Closed cessda-bitbucket-importer closed 1 year ago
Original comment by Stefan Dlugolinsky (GitHub: Stifo).
it looks like the sort can't deal with the used character encoding
Original comment by Taina Jääskeläinen.
Using UTF-8 might solve this, what do you think?
Original comment by Stefan Dlugolinsky (GitHub: Stifo).
my temporal notes:
# get field mapping - https://www.elastic.co/guide/en/elasticsearch/reference/6.8/indices-get-field-mapping.html
GET vocabularypublish/_mapping/field/titleSl
# put field mapping (in general, the mapping for existing fields cannot be updated) - https://www.elastic.co/guide/en/elasticsearch/reference/6.8/indices-put-mapping.html
PUT vocabularypublish
{
"mappings": {
"properties": {
"name": {
"type": "text",
"fields": {
"sort_titleSl_Key": {
"type": "icu_collation_keyword",
"index": false,
"language": "sl",
"country": "SL",
"variant": "@‌collation=phonebook"
}
}
}
}
}
}
before deploying the new version, which fixes this issue, either:
delete indexes in running elasticsearch service
curl -X DELETE http://cvs-elasticsearch:9203/vocabularypublish,vocabularyeditor
stop cvs-elasticsearch service, remove it, delete its docker volume cvs-es and start the service again using the updated docker compose yaml (app.yml + elasticsearch.yml)

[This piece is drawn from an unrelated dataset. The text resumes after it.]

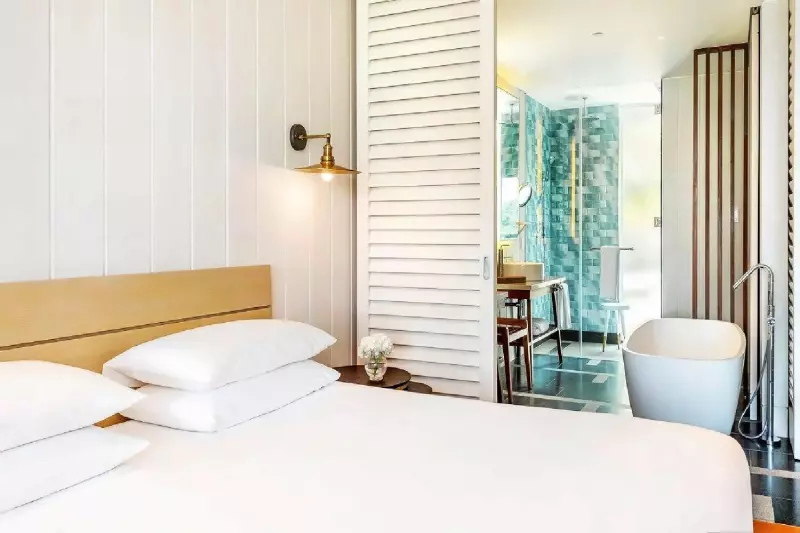 1 Bedroom Beach View Suite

reindex indexes in CVS → Admin → Maintenance →
Original comment by Taina Jääskeläinen.
I forgot to tell you that if the user has chosen (or left) the language as English, the vocabularies that are only in Finnish or German (e.g. in the Editor) should not be in the English list at all. They should only appear if the user has chosen ‘All languages’ which is at the bottom of the list.
If ‘All languages’ is not chosen, the alphabetical ordering is by the vocabulary long name in the specific language and follows the alphabetical order of that language. But for ‘all languages’ your notes are more than relevant.
Specifying the problem in the staging (both in Home and Editor list)
The German or Finnish lists do not contain any vocabularies that are not available in those languages. They are mostly in alphabetical order but not totally
So there are two issues: vocabularies in the wrong language list and vocabularies not in alphabetical order.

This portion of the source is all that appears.